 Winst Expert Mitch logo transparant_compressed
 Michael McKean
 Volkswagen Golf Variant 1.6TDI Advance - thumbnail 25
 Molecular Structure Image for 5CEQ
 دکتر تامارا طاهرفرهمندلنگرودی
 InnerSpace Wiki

════════

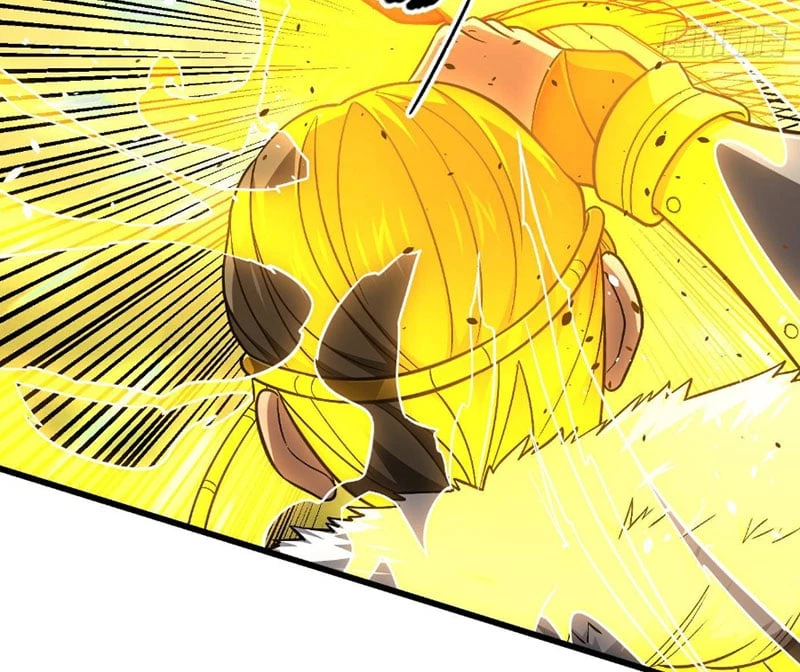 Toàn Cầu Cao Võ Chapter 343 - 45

════════

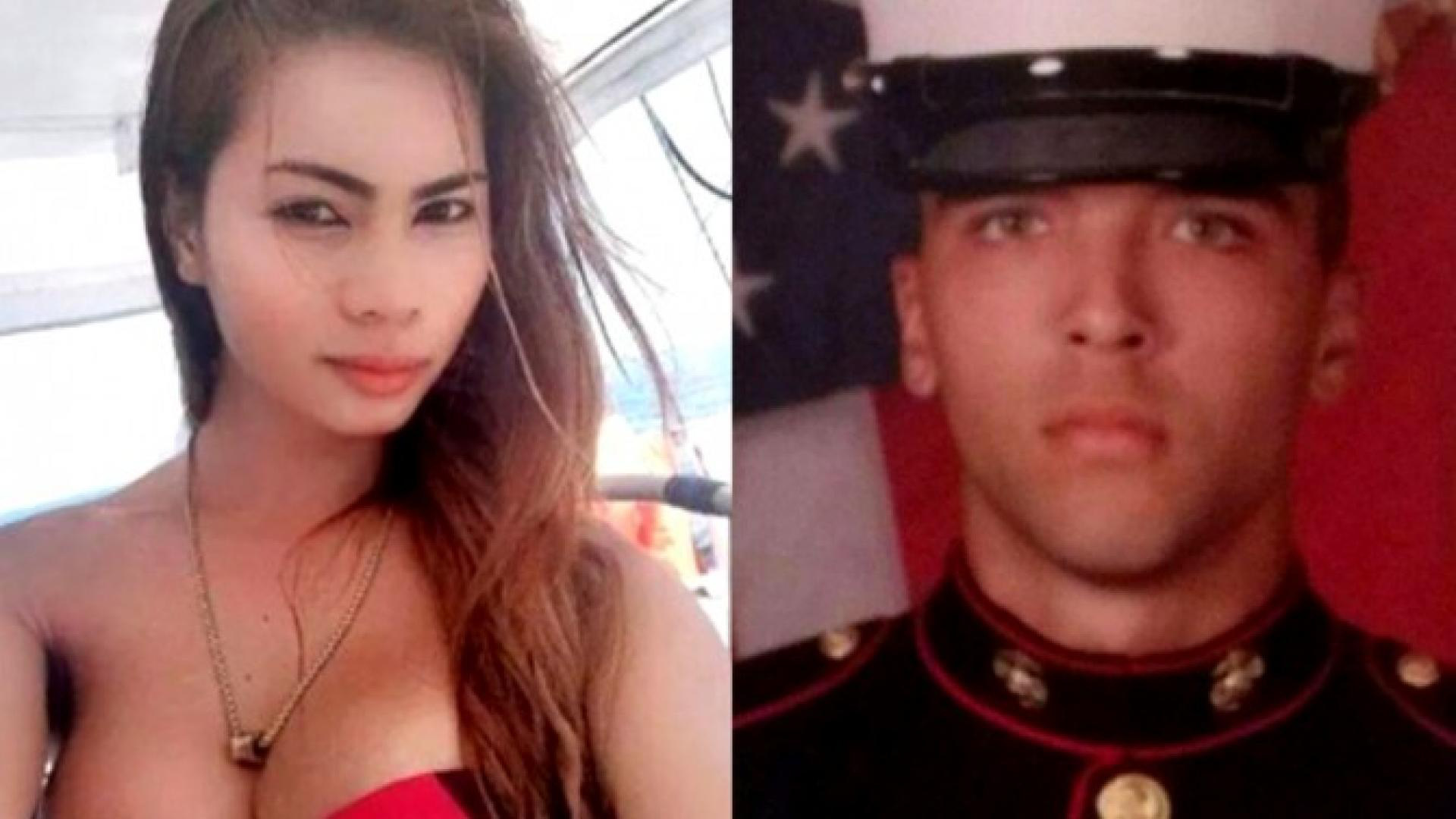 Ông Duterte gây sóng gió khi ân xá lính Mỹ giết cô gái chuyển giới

════════

From the material above, retype precisely the lines between the line holding "Volkswagen Golf Variant" and the line holding "InnerSpace Wiki", inclusive, and nothing beyond them.

 Volkswagen Golf Variant 1.6TDI Advance - thumbnail 25
 Molecular Structure Image for 5CEQ
 دکتر تامارا طاهرفرهمندلنگرودی
 InnerSpace Wiki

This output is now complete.